_WORK REQUIRED_.
The first line of the entries is where the copy starts and the line with "textil Herr Sweatshirts" is where it ends; set down each line exactly, both ends included, and drop pictures.

★ ★ ★ ★ ★

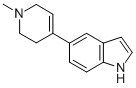 5-(1-METHYL-1,2,3,6-TETRAHYDRO-PYRIDIN-4-YL)-1H-INDOLE CAS#: 885273-31-4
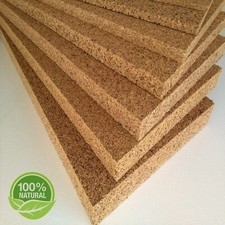 Pannelli in sughero biondo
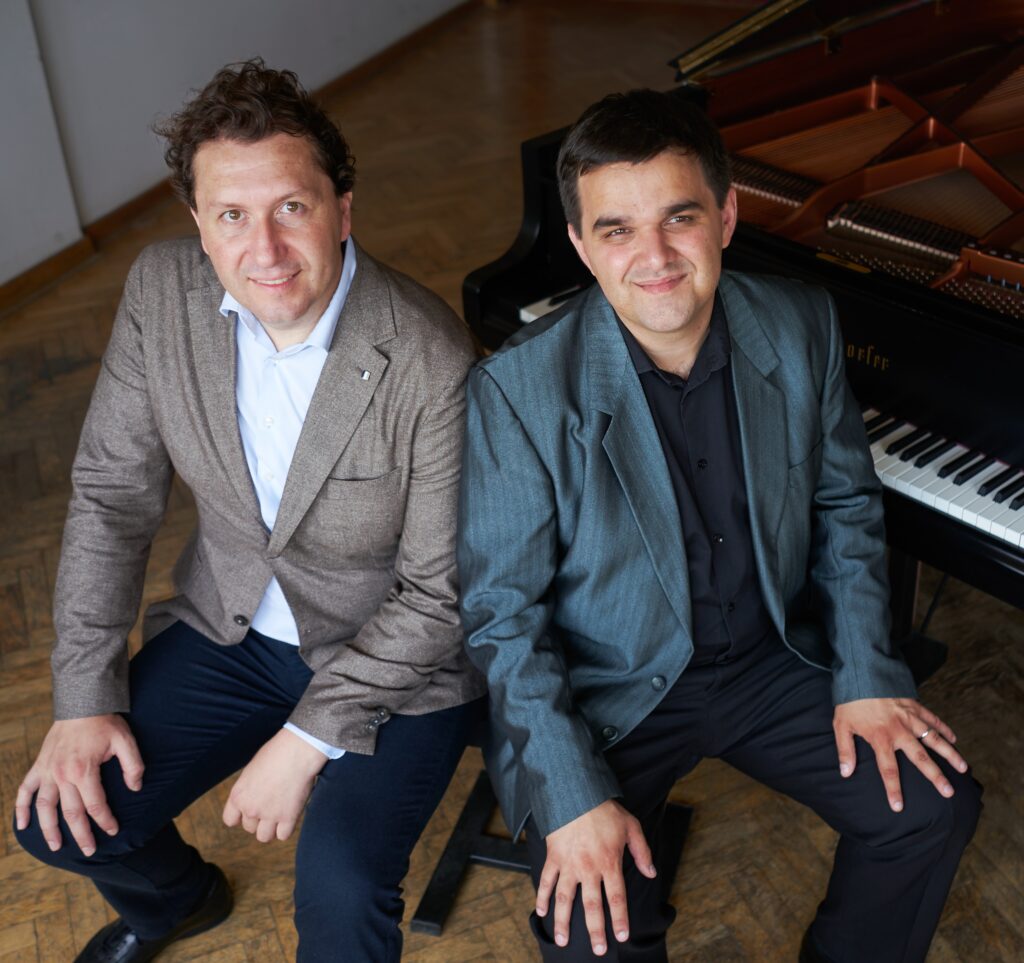 Krešimir Stražanac & Krešimir Starčević
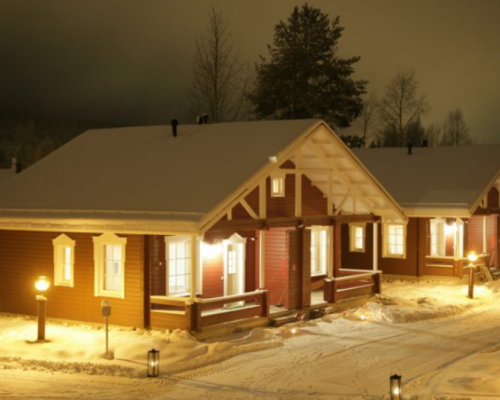 CENA IN TENDA KOTA -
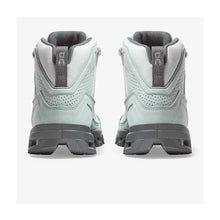 Buty trekingowe damskie On W Cloudride - białe/zielone
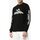 textil Herr Sweatshirts Givenchy BM700L30AF Svart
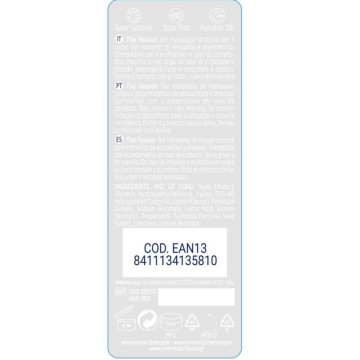 CONTROL - 2 EN 1 MASSAGEM and PRAZER TAILANDÊS PAIXO 200 ML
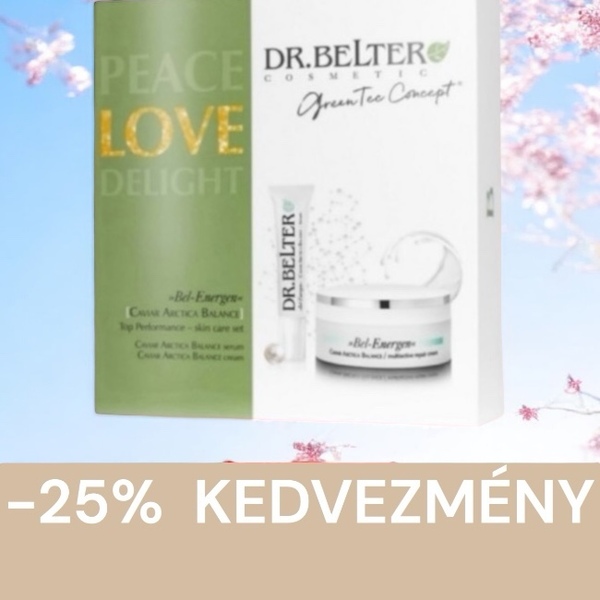 tb Beauty sets - Caviar Arctica Balance skin care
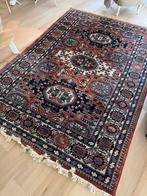 Wollen Louis de Poortere vloerkleed, 197 x 292 cm, Ophalen, Gebruikt, 150 tot 200 cm, Vintage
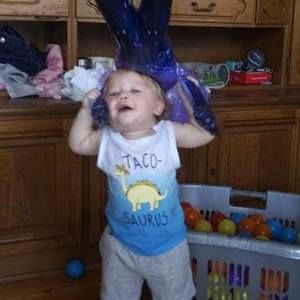 Meet your Posher, Wesley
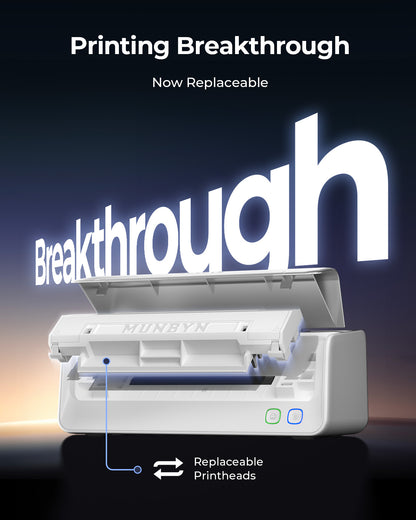 $70 Off Voucher for World’s #1 Replaceable Print-Head Printer RW405B - For Just $5
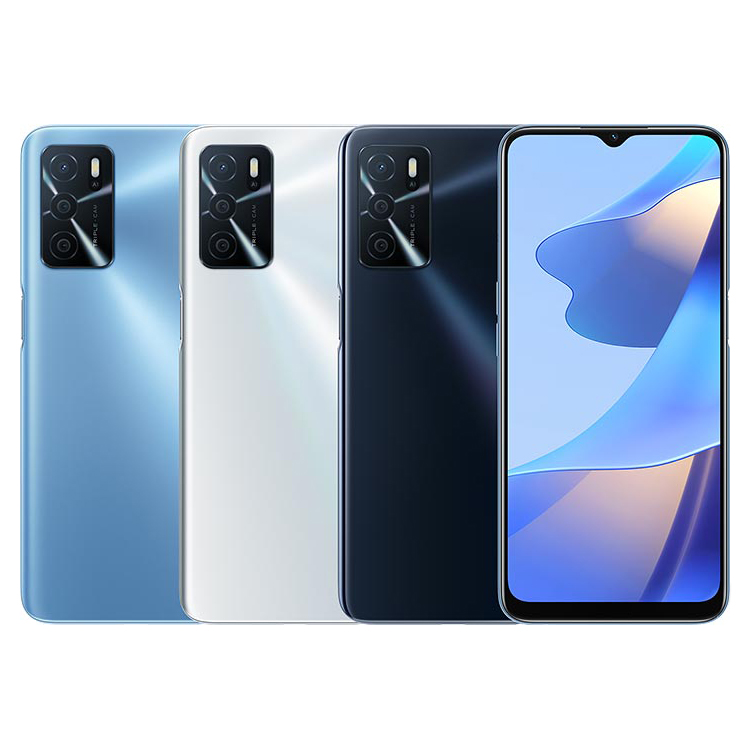Oppo A54s Colors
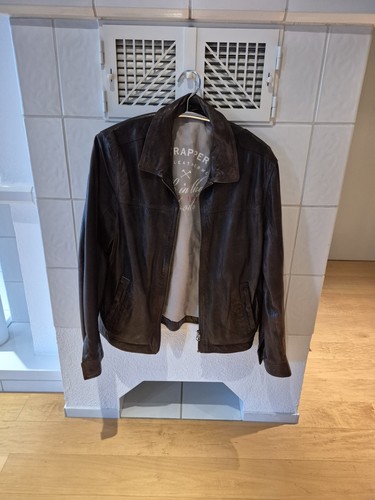 Trapper lederjacke herren - lederjacke,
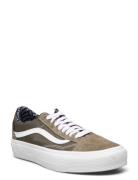 VANS Old Skool Gore-Tex Khaki Green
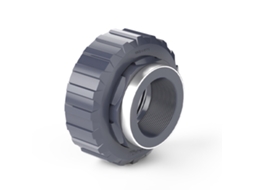 Saída PVC Válvula Bidirecional Rosca H Rfz 3/4 HIDROTEN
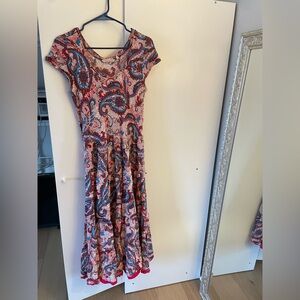 Boho chic dress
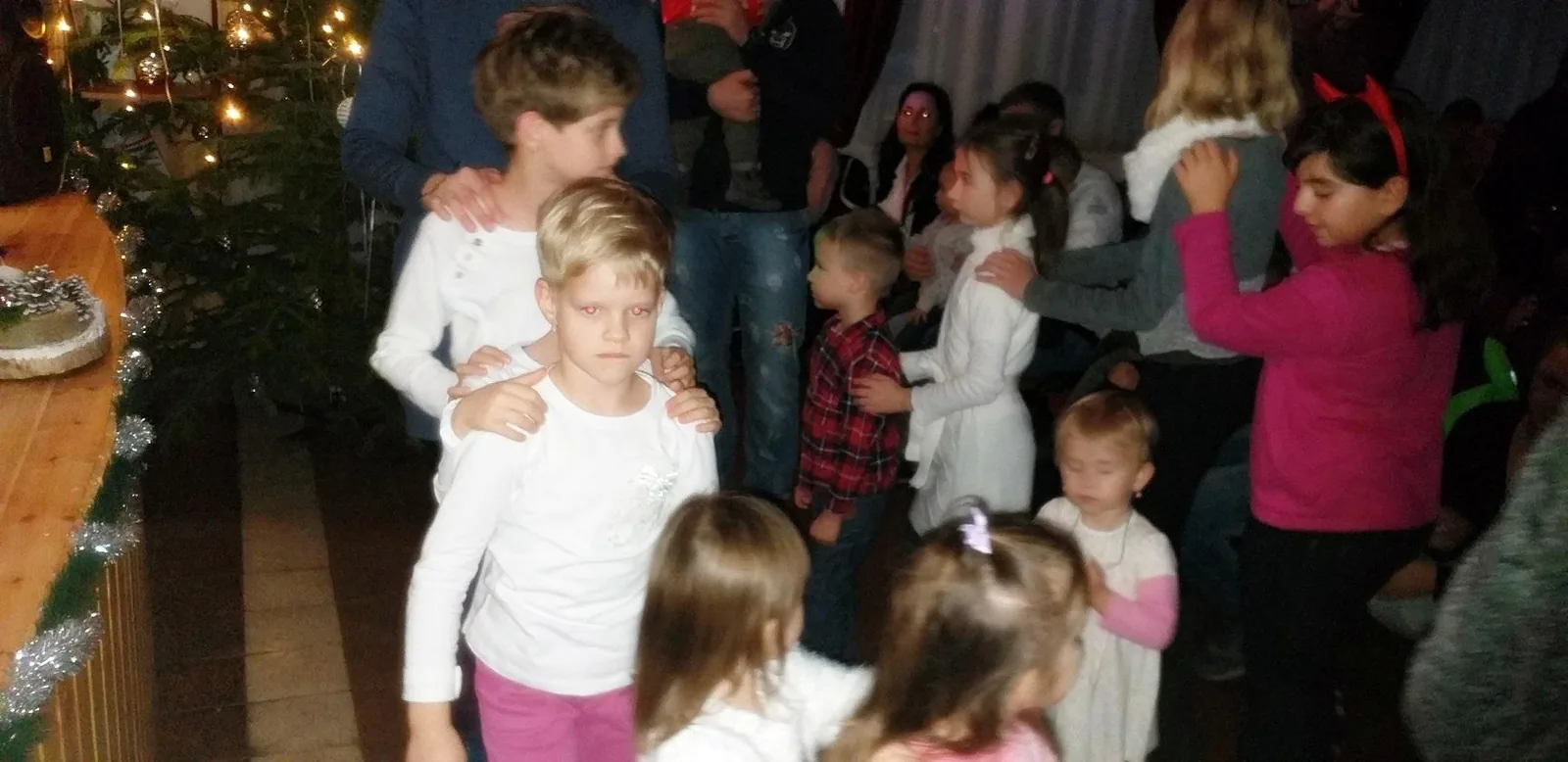 Mikulásváró Ünnepély képek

★ ★ ★ ★ ★

_EXERCISE ANSWER_.
 5-(1-METHYL-1,2,3,6-TETRAHYDRO-PYRIDIN-4-YL)-1H-INDOLE CAS#: 885273-31-4
 Pannelli in sughero biondo
 Krešimir Stražanac & Krešimir Starčević
 CENA IN TENDA KOTA -
 Buty trekingowe damskie On W Cloudride - białe/zielone
 textil Herr Sweatshirts Givenchy BM700L30AF Svart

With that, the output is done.